The Simple RNN has low loss and a high accuracy curve. They look good, as expected. Meaning that a Simple RNN can solve this problem. Since the part if the time series that affects the classification result is a the end of the sequence, it does not require any long term memory. Thus, the vanishing gradient problem is not an issue here.
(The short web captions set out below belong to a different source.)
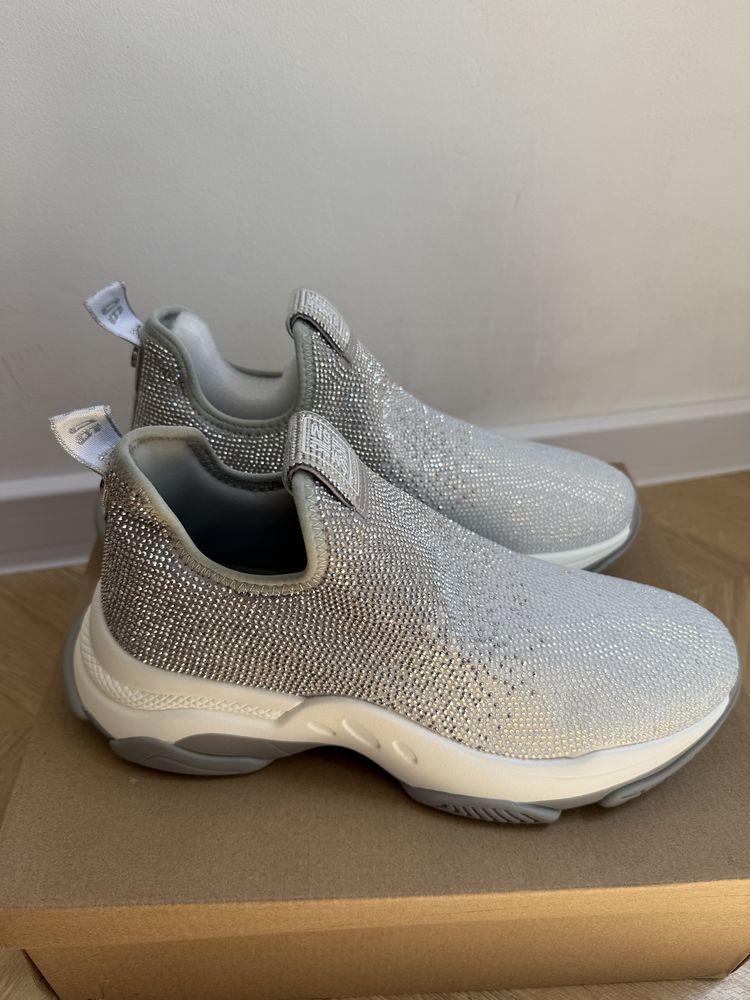 Дамски обувки STEVE MADDEN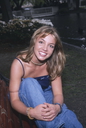 Britney_43_07.jpg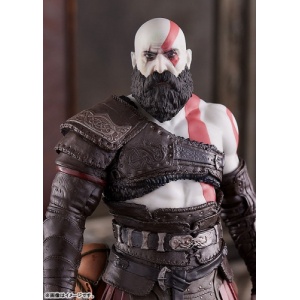 figure-154721_03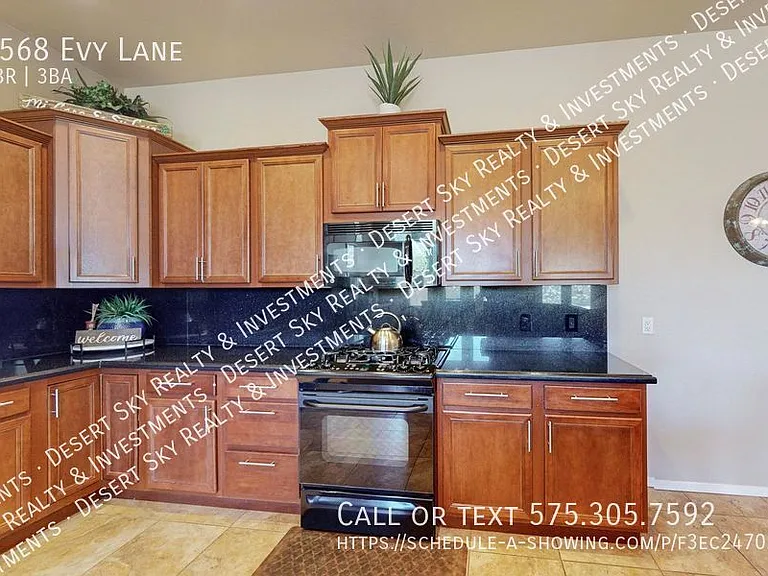 3568 Evy Ln — Photo 16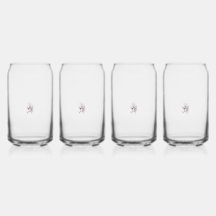 Vlinderfee Tattoo Vector –  bloemkunst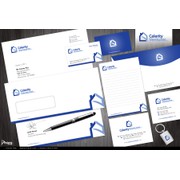 Reviewed design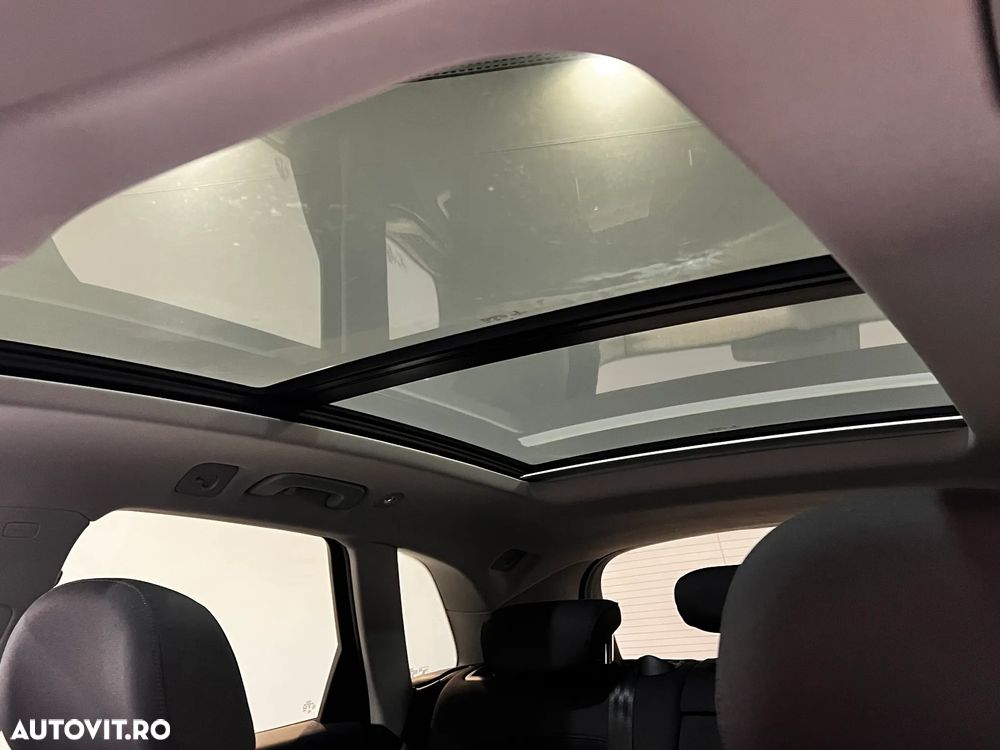 Audi Q5 - 26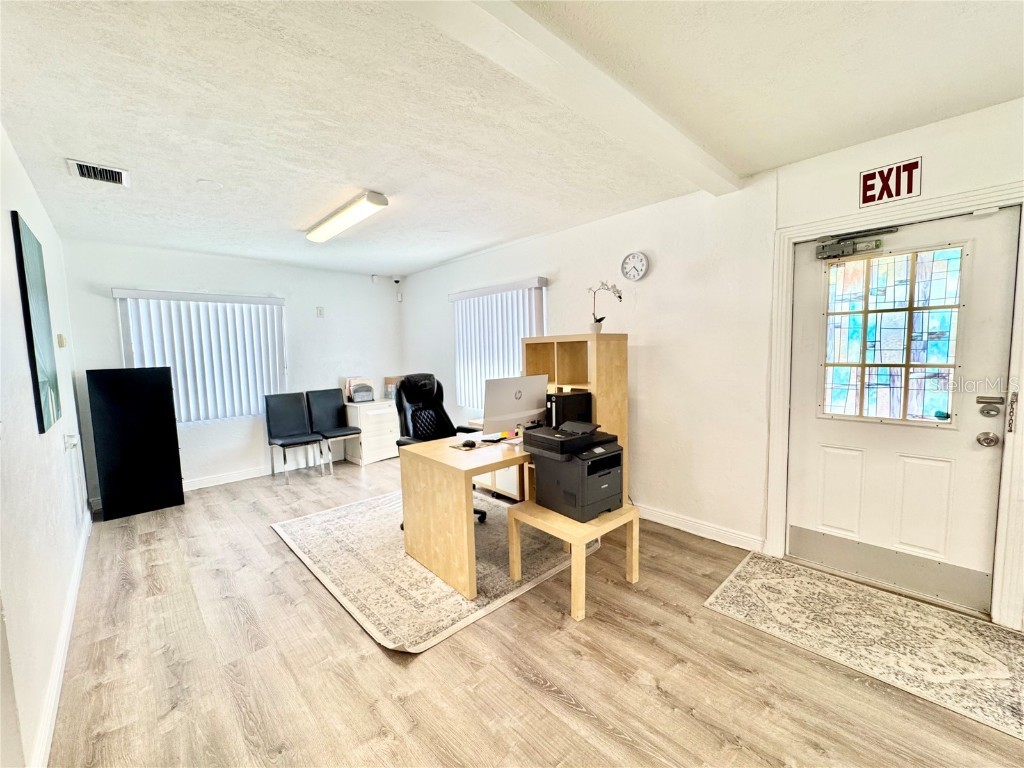 4795 49th Street N Saint Petersburg FL 33709 TB8444455 image16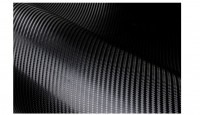 FOLIA CARBON 150x200cm NAKLEJKA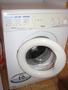 Masina de spalat Whirlpool FL 5085/ A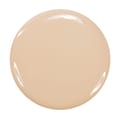 Nail Polish - ZP585 Cho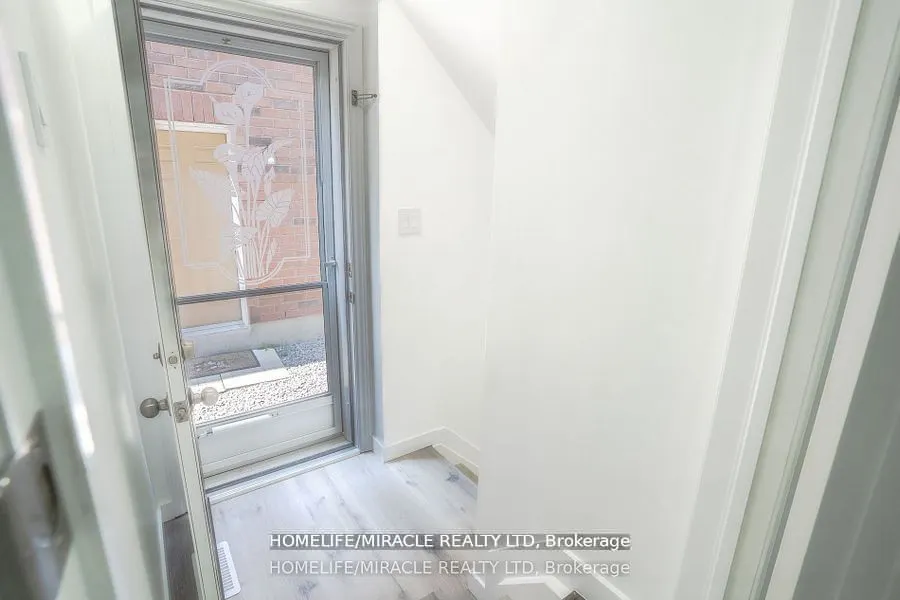 288 Pimlico Drive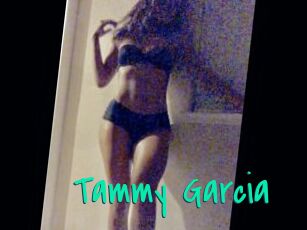 Tammy_Garcia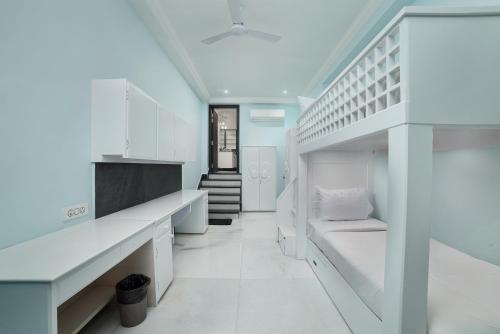 gem house jodhpur by hst hospitality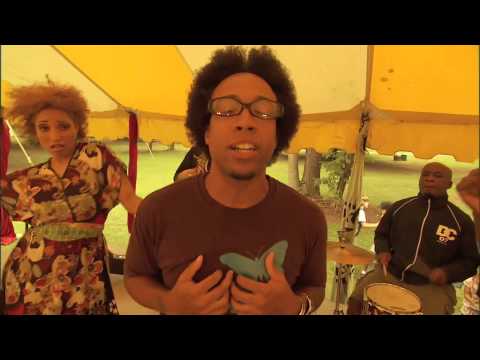 Miracles Video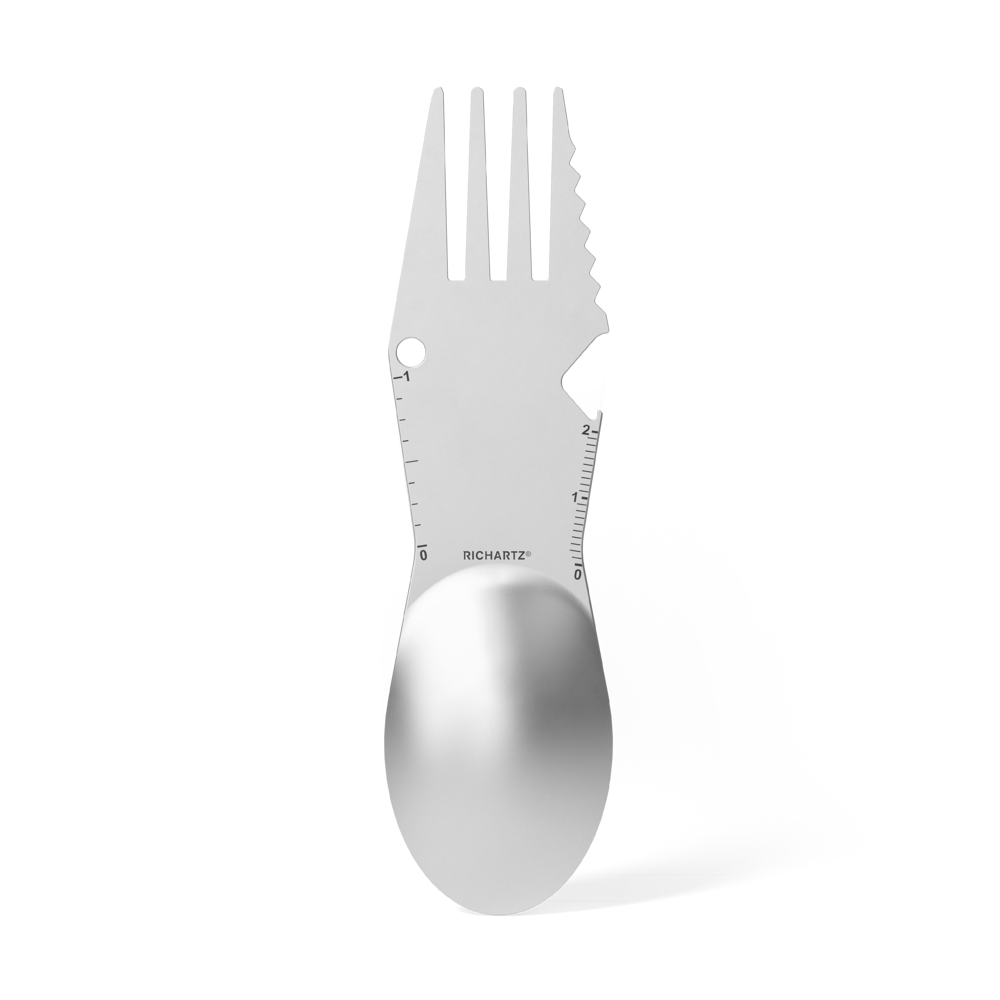 RICHARTZ® SNACKTOOL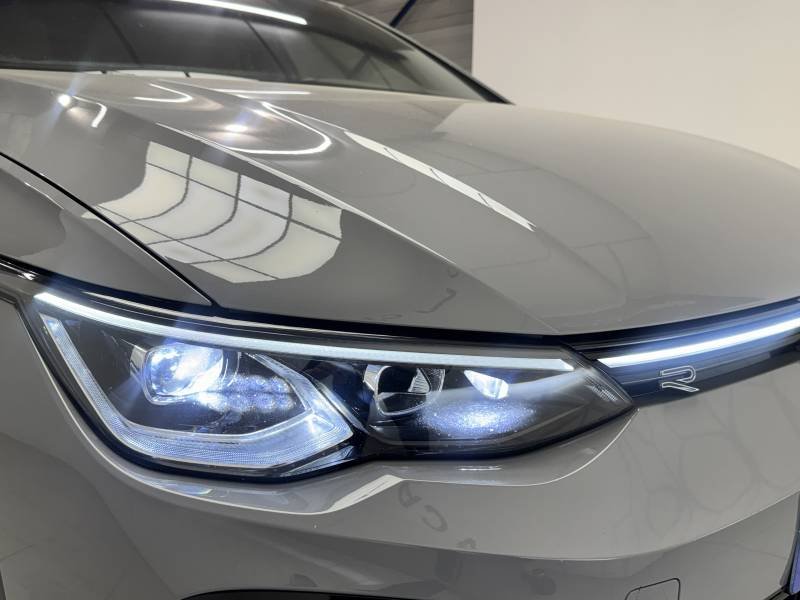 Volkswagen Golf - Photo 11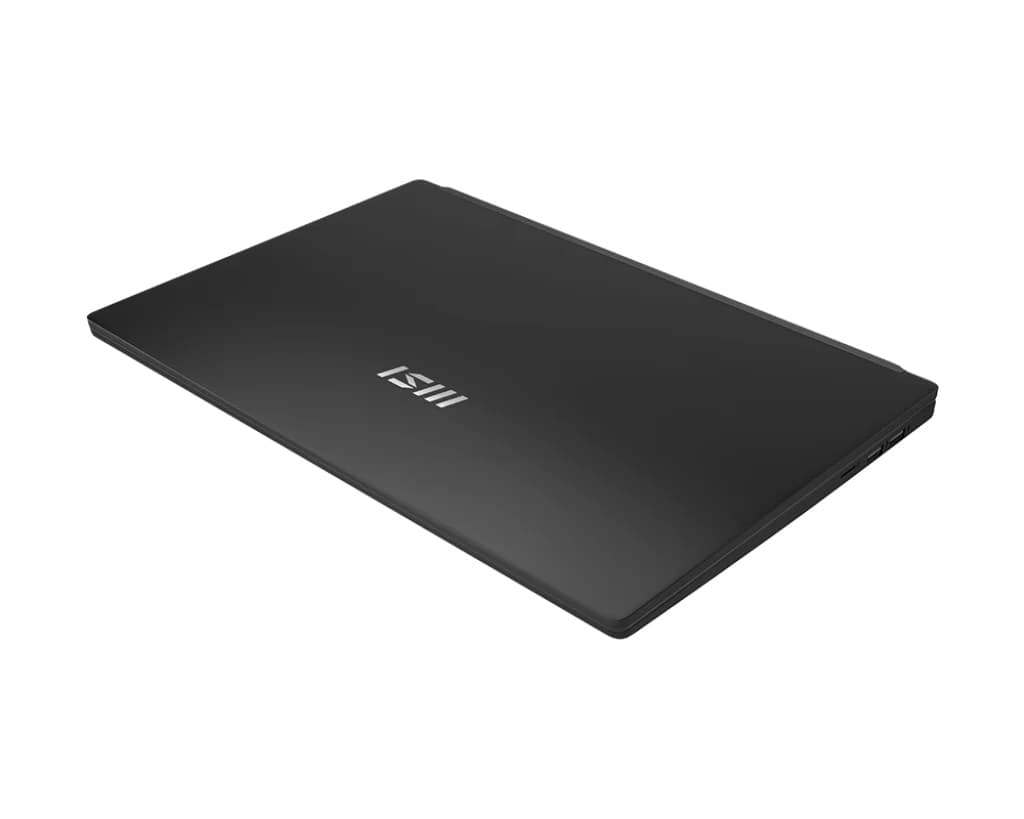 MSI 微星 Modern 15 B12M-435TW 輕薄商務筆電(i5-1235U/16G/512G/W11)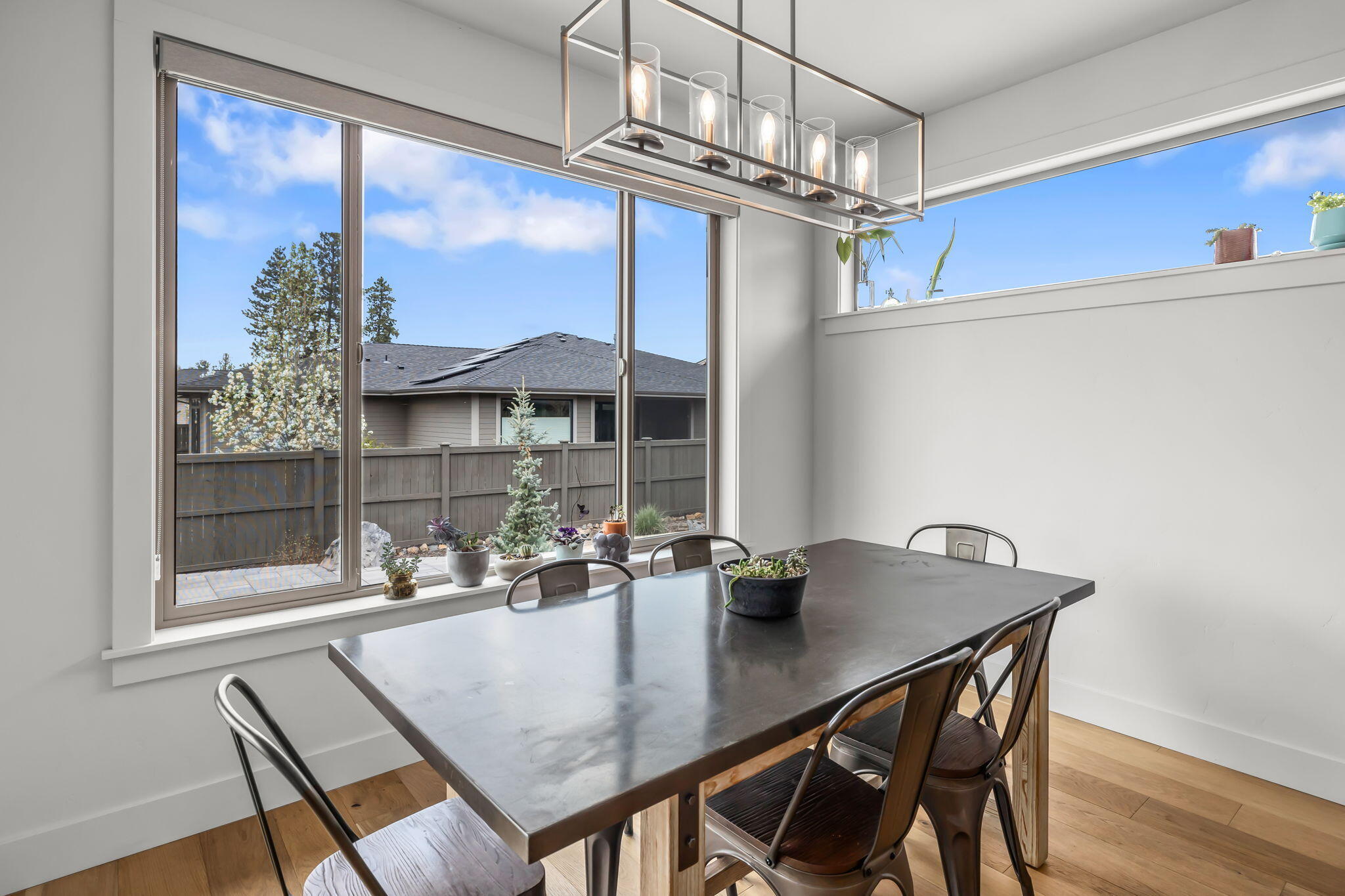 River Vale - Residential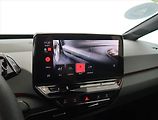 Volkswagen ID.3 (2022) Pro Perf. (62 kWh), SoH 90% - náhled 20
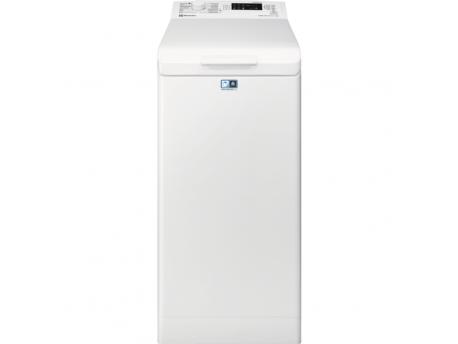 ELECTROLUX EW2T5061E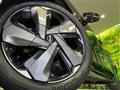 2022 Nissan Nissan Others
## Section 2. Long-term dependency with 10 periods

The pattern that affects the classification result is now far back in the time series.

### Simple RNN

In [32]:
X, Y, N = generate_distance(T, short=False)

In [33]:
X3d = np.expand_dims(X, -1)
inputs = Input(shape=(T, D))
x = SimpleRNN(5)(inputs)
x = Dense(1, activation='sigmoid')(x)
model = Model(inputs, x)
model.compile(loss='binary_crossentropy', optimizer=Adam(lr=0.01), metrics=['accuracy'])

In [34]:
results['long-distance-10']['simple-rnn'] = model.fit(X3d, Y, epochs=100, validation_split=0.5, verbose=0)

In [35]:
utils.plot_accuracy(results['long-distance-10']['simple-rnn'].history['accuracy'], 
                    results['long-distance-10']['simple-rnn'].history['val_accuracy'],
                    save=False, imgname='accuracy_lt10_xor_rnn')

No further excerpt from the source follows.